De Niro miał chyba ubytek w budżecie, że zgodzil się zagrać w tym filmie. Tendencyjna, amerykańska opowieść, bajka, która spełnia się tylko w USA.
No niestety. Sam pomysł zrobienia filmu o nurkach nawet niezły, jednak wykonanie pozostawia wiele do życzenia.
Nie wiem, czy przegapiłeś napisy, ale to jest film oparty na faktach. Więc nie jest bajeczką. Owszem, jest chwilami pompatyczny, ale to dlatego, że oni tam w USA szanują swoich.

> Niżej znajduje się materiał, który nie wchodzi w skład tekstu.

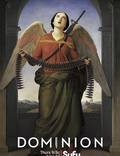 Постер из фильма "Доминион" - 1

Nie to co u nas.
Jeśli szanować swoich można tylko poprzez wygłaszanie pompatycznych tyrad, to ja dziękuję. Sądzę, że ciągnie cię do praktyk dawno już skompromitowanych w Polsce, wicie-rozumicie.

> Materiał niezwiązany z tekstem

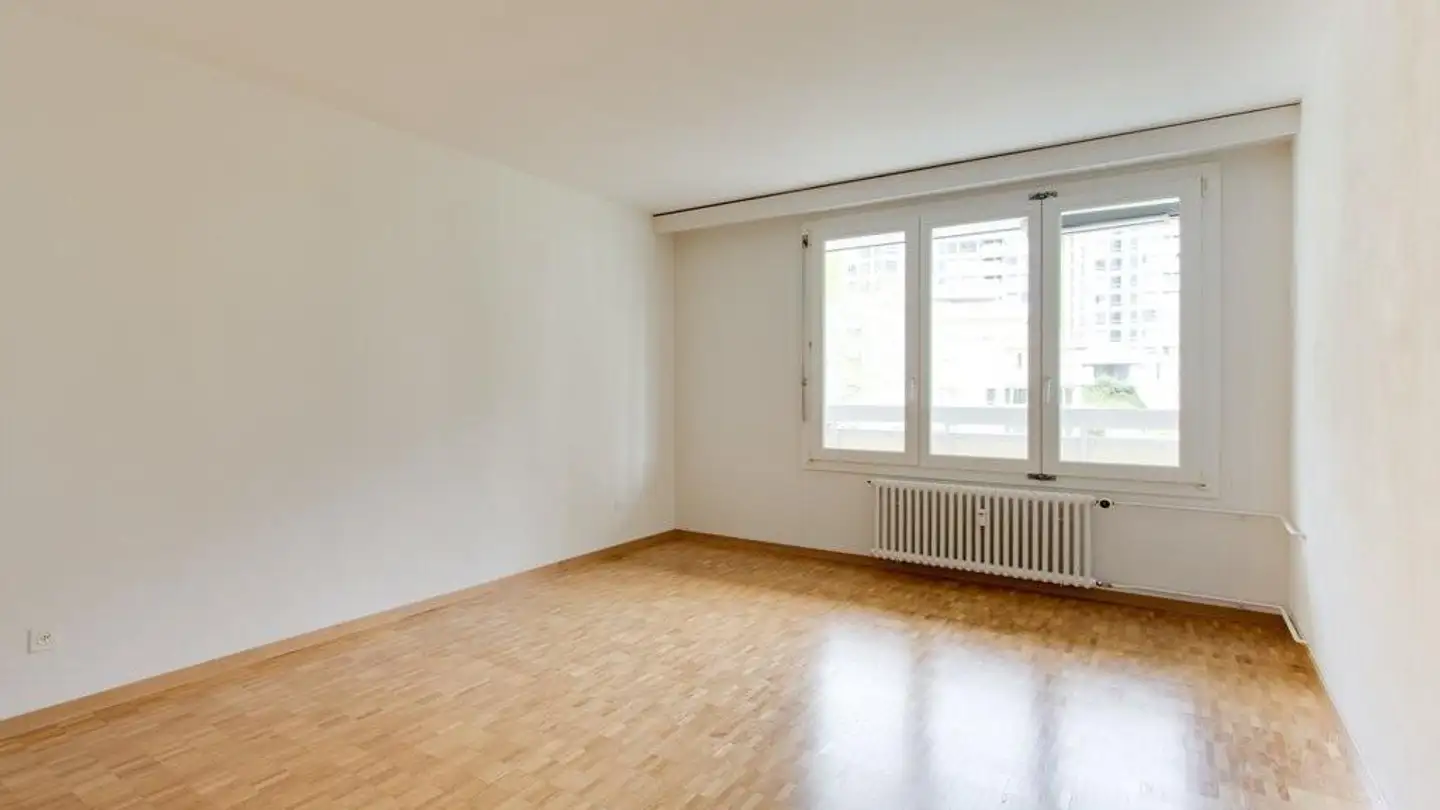 Wohnung mieten - Achslenstrasse 3, 9016 St. Gallen - Foto 4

A więc mówisz, że szacunek do kombatantów wojennych, żołnierzy, flagi państwowej to "praktyka dawno już skompromitowana w Polsce"?
Mylisz się. W naszym kraju jest pełno ludzi, którzy wiedzą co to szacunek, ojczyzna itd. A że ty nie? Nie przejmuję się tym zbytnio. Pogadaj sobie, jeśli od tego jest ci lżej.
Czytaj ze zrozumieniem, napisałem "Jeśli szanować swoich można tylko poprzez wygłaszanie pompatycznych tyrad". Są jeszcze lepsze, poza oczywiście, nienawiścią szalikowców, marszami narodowców itd, sposoby manifestowania szacunku dla kombatantów.